SOURCE / ECONOMY
Chinese research team from Yunnan University breeds perennial rice with high yields over years with one planting: report
Published: Nov 10, 2022 01:41 PM
Photo: Screenshot of the demonstration site of perennial rice in Menghai, Southwest China's Yunnan Province from Yunnan University's official Wechat account

Photo: Screenshot of the demonstration site of perennial rice in Menghai, Southwest China's Yunnan Province from Yunnan University's official Wechat account


A research team from the Yunnan University in Southwest China's Yunnan Province has successfully bred perennial rice (PR), which can produce high yields over two to four consecutive years with a single planting, according to a report published by the team in the Journal of Nature Sustainability, the university's official WeChat announced on Tuesday.  

The report noted that perennial cultivars are strongly preferred by farmers as growing them saves 58.1 percent of labor and 49.2 percent of input costs in each growth cycle.

Crop perennialization, the conversion of annual grains to perennial forms, has showed a possibility to intensify sustainability, increase crop productivity, farming income and soil health using fewer resources. 

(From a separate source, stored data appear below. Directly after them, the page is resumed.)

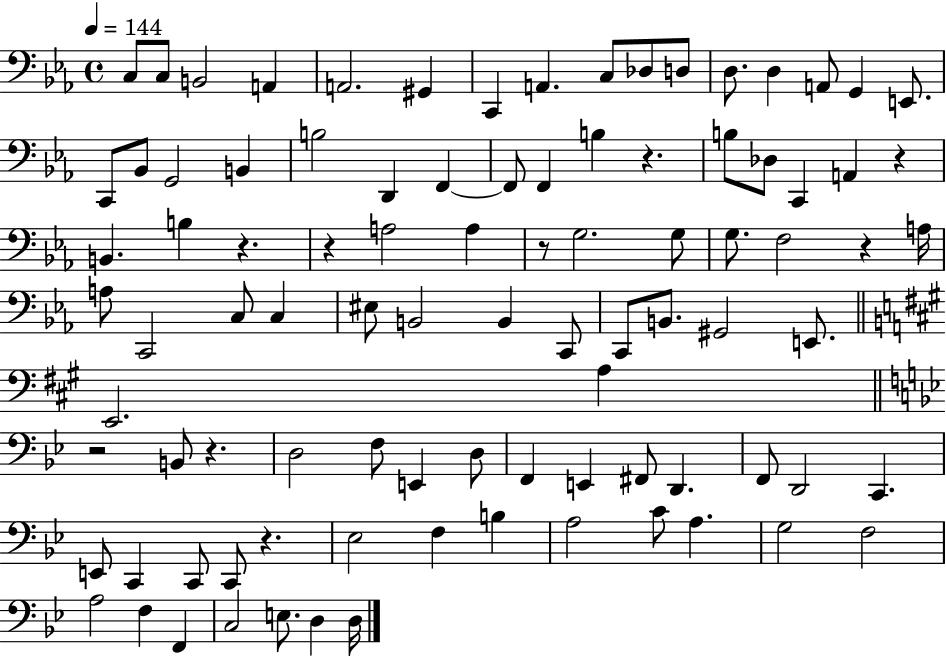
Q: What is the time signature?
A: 4/4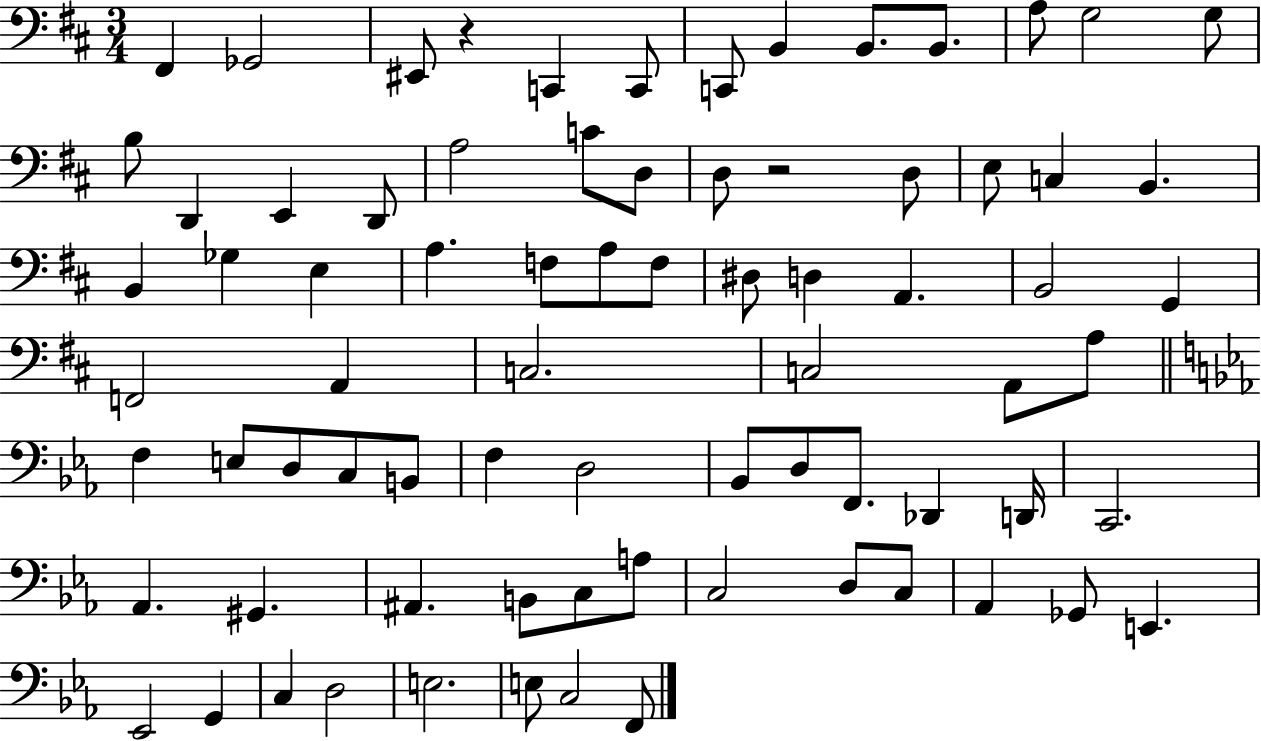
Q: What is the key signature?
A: D major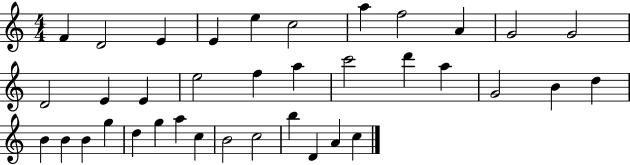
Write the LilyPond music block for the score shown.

{
  \clef treble
  \numericTimeSignature
  \time 4/4
  \key c \major
  f'4 d'2 e'4 | e'4 e''4 c''2 | a''4 f''2 a'4 | g'2 g'2 | \break d'2 e'4 e'4 | e''2 f''4 a''4 | c'''2 d'''4 a''4 | g'2 b'4 d''4 | \break b'4 b'4 b'4 g''4 | d''4 g''4 a''4 c''4 | b'2 c''2 | b''4 d'4 a'4 c''4 | \break \bar "|."
}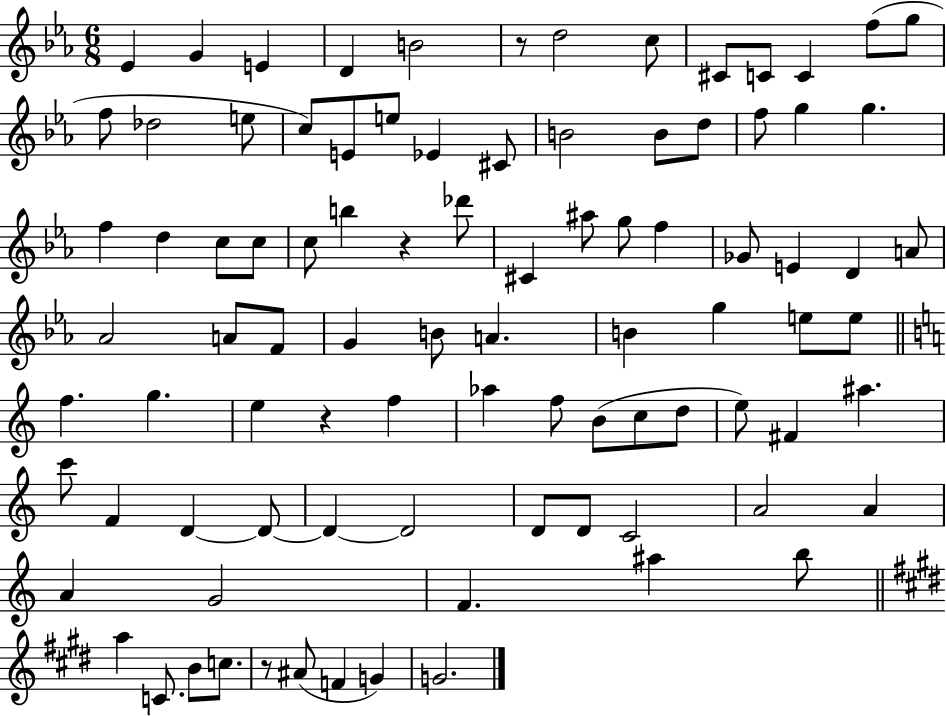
{
  \clef treble
  \numericTimeSignature
  \time 6/8
  \key ees \major
  ees'4 g'4 e'4 | d'4 b'2 | r8 d''2 c''8 | cis'8 c'8 c'4 f''8( g''8 | \break f''8 des''2 e''8 | c''8) e'8 e''8 ees'4 cis'8 | b'2 b'8 d''8 | f''8 g''4 g''4. | \break f''4 d''4 c''8 c''8 | c''8 b''4 r4 des'''8 | cis'4 ais''8 g''8 f''4 | ges'8 e'4 d'4 a'8 | \break aes'2 a'8 f'8 | g'4 b'8 a'4. | b'4 g''4 e''8 e''8 | \bar "||" \break \key c \major f''4. g''4. | e''4 r4 f''4 | aes''4 f''8 b'8( c''8 d''8 | e''8) fis'4 ais''4. | \break c'''8 f'4 d'4~~ d'8~~ | d'4~~ d'2 | d'8 d'8 c'2 | a'2 a'4 | \break a'4 g'2 | f'4. ais''4 b''8 | \bar "||" \break \key e \major a''4 c'8. b'8 c''8. | r8 ais'8( f'4 g'4) | g'2. | \bar "|."
}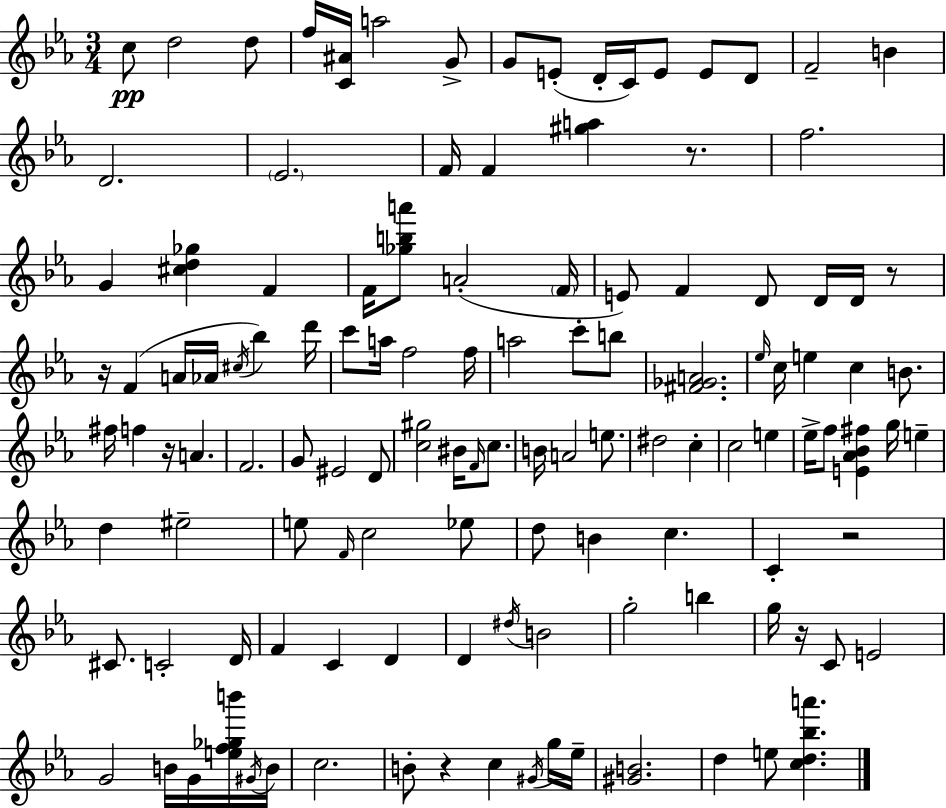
C5/e D5/h D5/e F5/s [C4,A#4]/s A5/h G4/e G4/e E4/e D4/s C4/s E4/e E4/e D4/e F4/h B4/q D4/h. Eb4/h. F4/s F4/q [G#5,A5]/q R/e. F5/h. G4/q [C#5,D5,Gb5]/q F4/q F4/s [Gb5,B5,A6]/e A4/h F4/s E4/e F4/q D4/e D4/s D4/s R/e R/s F4/q A4/s Ab4/s C#5/s Bb5/q D6/s C6/e A5/s F5/h F5/s A5/h C6/e B5/e [F#4,Gb4,A4]/h. Eb5/s C5/s E5/q C5/q B4/e. F#5/s F5/q R/s A4/q. F4/h. G4/e EIS4/h D4/e [C5,G#5]/h BIS4/s F4/s C5/e. B4/s A4/h E5/e. D#5/h C5/q C5/h E5/q Eb5/s F5/e [E4,Ab4,Bb4,F#5]/q G5/s E5/q D5/q EIS5/h E5/e F4/s C5/h Eb5/e D5/e B4/q C5/q. C4/q R/h C#4/e. C4/h D4/s F4/q C4/q D4/q D4/q D#5/s B4/h G5/h B5/q G5/s R/s C4/e E4/h G4/h B4/s G4/s [E5,F5,Gb5,B6]/s G#4/s B4/s C5/h. B4/e R/q C5/q G#4/s G5/s Eb5/s [G#4,B4]/h. D5/q E5/e [C5,D5,Bb5,A6]/q.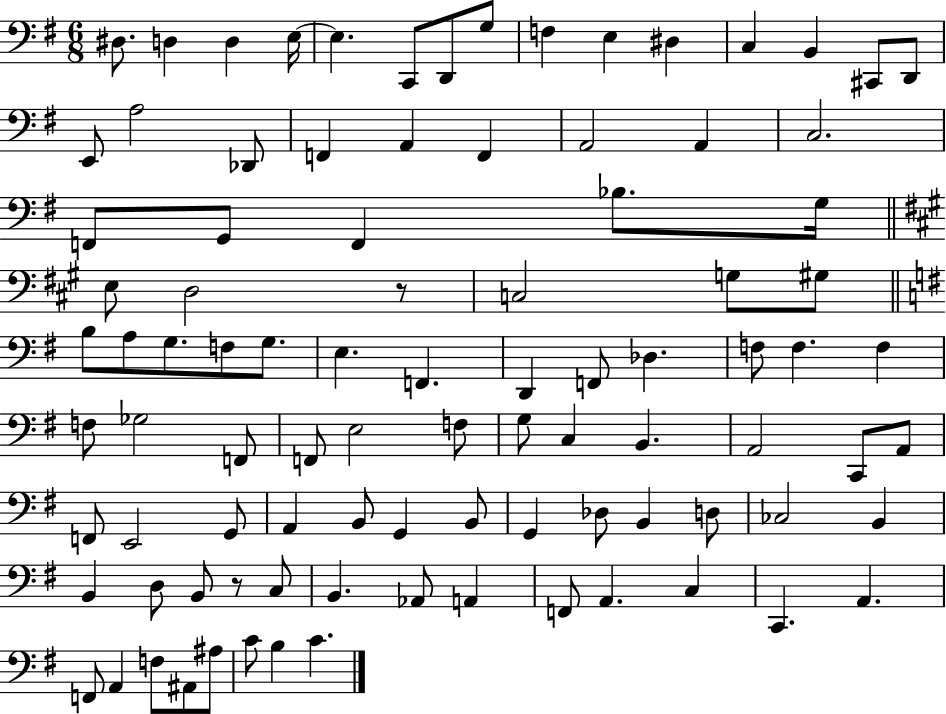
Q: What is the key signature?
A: G major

The PR 23, released to farmers in China in 2018, marks a key milestone in the commercialization of perennial grains bred via interspecific hybridization.

Three recently released cultivars of PR that the team bred including PR23, PR25 and PR107 can produce high yields over two to four consecutive years for each of four to 10 cycles of growth-harvest-regrowth on plants from a single planting, representing a step change that makes ratooning an economically attractive option for irrigated production environments that are not limited in duration by cold weather or other adverse environmental conditions, per the report. 

The cultivation of PR, after more than 20 years of efforts, represents a cropping system that simultaneously achieves grain production, labor reduction and ecological security, especially for terraced and fragile farmland, according to the report. PR has demonstrated good yield potential, and agronomic traits for four years and eight cropping seasons from a single planting, which can enhance soil fertility and reduce requirements for inputs through ecological intensification with simplified management.  

The field yield testing for a new high-quality salt-tolerant rice strain "Yanhuangxiangjing," cultivated by a research team from the Institute of Genetics and Developmental Biology under the Chinese Academy of Sciences, was completed in October, in Dongying in East China's Shandong Province, with an output of 505.1 kilograms  per mu (0.06 hectares).